Friday, May 30, 2014
Physician Abdication of Power
During the last two decades physicians have abdicated their
role to CMS and payers fo policing each other. Resident physicians are closely supervised and gradually given more responsibility for decision making as they proceed from PGY 1-PGY4. As a chief resident they are responsible for much of the activity of junior residents. Surgical and/or medical residents in certain specialties have their proposed surgical cases reviewed by either a chief resident, or director of the training program prior to scheduling.
During the first year of practice or if the MD change hospitals medical staff regulatons require providers to have a proctor during a certain number of cases to insure proper judgment and competence.
Following this period they are allowed to operate alone. Further proctoring is usually not necessary unless there is a complication or a death. Usually this takes place in a departmental meeting for review. This often serves as a learning experience and is not a punitive affair. If the difficulties persist the physician will be required to obtain further training or more supervision until he demonstrates competence. The entire process is physician led. It is private and confidential and not discoverable by non-physicians.
During the last two decades physicians have been lax in many regards, and have not required chart reviews prior to surgery nor review of treatment protocols unless there is an untoward event resulting in a morbidity or mortality and after the fact.
The review and authorization procedure now is conducted by insurers for prior authorization by a non-physician or a medical director for a payer. This occurs away from the clinical setting when the physician submits the case history, and proposed procedure. The intensity of the review by CMS and payers is usually determined by the level of cost and number of procedures that are done. The ultimate goal is not patient safety, nor quality of care. It is to reduce cost. Their benchmark for what is reviewed is a simple algorithm. #of cases X cost/case = total cost. Cases that are done in high volume, or high expense will require prior authorization. Such cases or diagnostics include Cataract removal, Hysterectomy, Spine surgery, Interventional cardiology. Many of these are surgical or advanced medical interventions. Many of the reviews are for expensive imaging, such as MRI or CT imaging.
There has been a gradual erosion of self determination and pre-surgical review by physicians and surgeons, allowing CMS and payers to intrude into physician-patient relationshiphs.

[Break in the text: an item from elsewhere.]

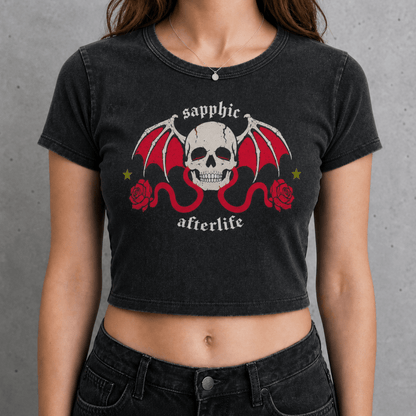 sapphic afterlife goth Wash Crop ~ GAYSBIE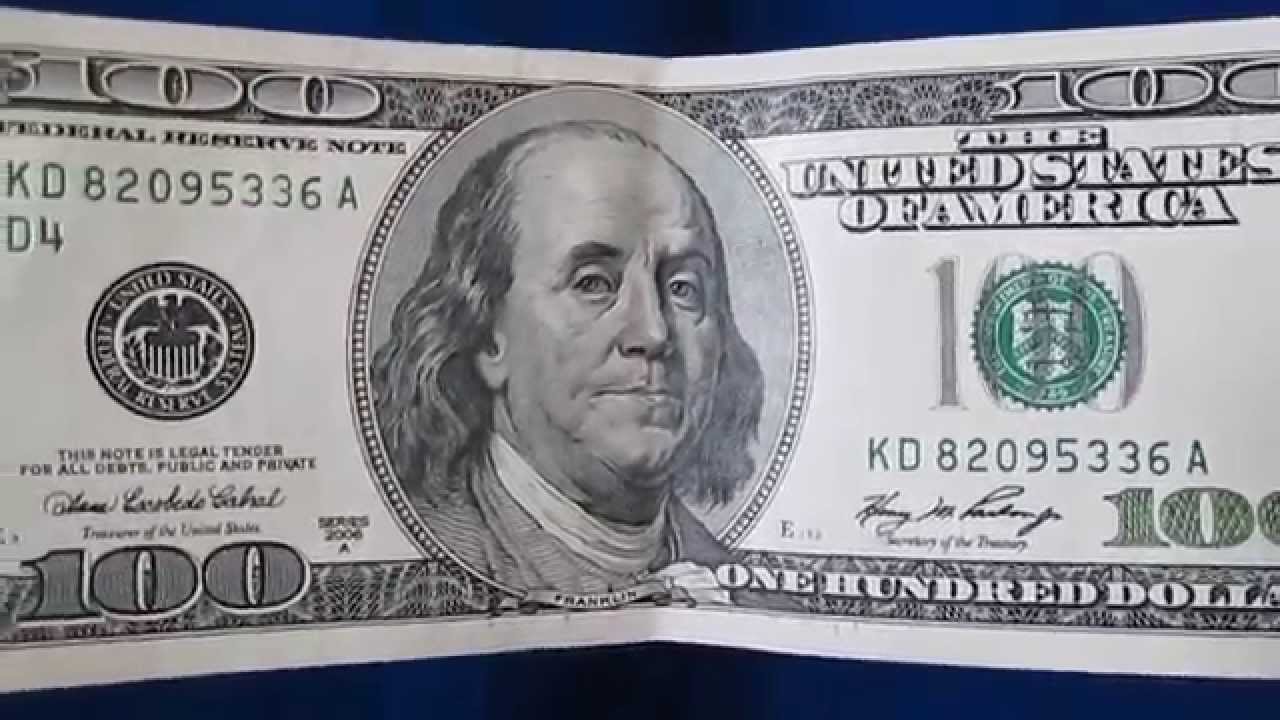 100 доларов США, (почему доллар зеленого и серого цвета?) обзор - YouTube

Physicians will reclaim the role of ascertaining quality control and prevention of abuse and fraud by peer-review of expensive and high volume procedures prior to procedures, both diagnostic and Invasive. It will be required that all pre-surgical cases be reviewed by another member of the department prior to scheduling (except for emergent or urgent need.) The insurance company should not have any role in prior authorization. That will be the purview of medical staff, much like PQRI was performed in the late 1980s for cataract removal.
This system will allow peer and case review for the medical staff and immediate feedback for non-compliant providers.
The insurance system will be simplified. Delays and/or denials could be eliminated for review, authorization and payments. Administrative expense could be reduced. This will require some additonal time and effort by physicians. That is the price for professional freedoms. Freedom takes effort to maintain.
Is this an idealized vision for the future, or will it come to pass? Only you and I can decide.
The time has come to draw a red line in the sands of health care.